Two studies from our group have recently explored subcortico-cortical functional connectivity in autism. Participants performed the simple visuomotor tasks described previously. One study examined functional connectivity of the thalamus (Mizuno et al. 2006
). Our expectation of reduced thalamocortical fcMRI effects – based on some previous findings implicating the thalamus (Tsatsanis et al. 2003
) and thalamo-cortical connections (Chugani et al. 1997
) – was not confirmed. On the contrary, functional connectivity between thalamus and several fronto-parietal regions (including perirolandic and insular cortices) was greater than in a matched control group (). A second study investigating functional connectivity between caudate nuclei and cerebral cortex (Turner et al. 2006
) was also inconsistent with general underconnectivity, yielding instead a picture of widespread and distributed clusters of greater caudato-cortical connectivity in frontal and parietal lobes of participants with autism.

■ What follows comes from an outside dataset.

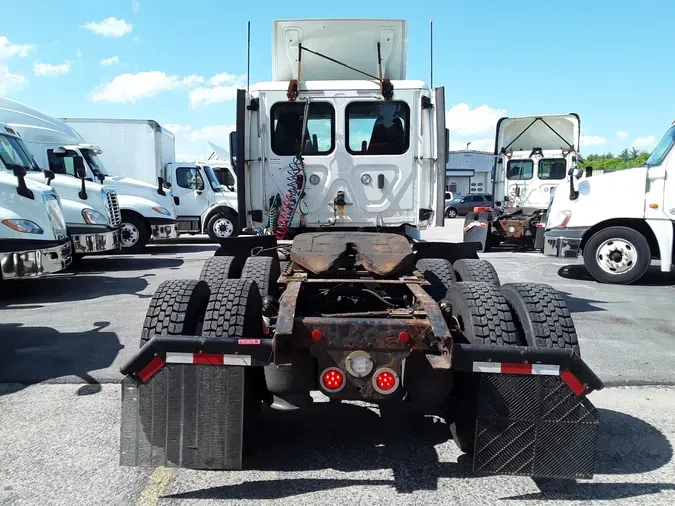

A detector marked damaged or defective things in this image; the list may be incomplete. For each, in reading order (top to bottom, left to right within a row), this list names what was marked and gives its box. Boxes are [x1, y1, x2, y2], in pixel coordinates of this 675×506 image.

rust on metal [290, 232, 414, 276]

One tempting interpretation of the current findings would be generally reduced cortical connectivity in autism, both within and between hemispheres, but partly increased functional connectivity between subcortical structures, such as basal ganglia and thalamus, and cerebral cortex. However, as much as there are methodological caveats related to the cortical underconnectivity findings, such caveats also apply to the subcortical fcMRI data, which were acquired in a small sample of eight high-functioning male participants with autism, for a single visuomotor task paradigm, and using a specific set of data processing techniques. For example, it cannot be ruled out that task performance was associated with generally greater arousal in participants with autism, which could result in overall greater interregional correlations of the BOLD signal.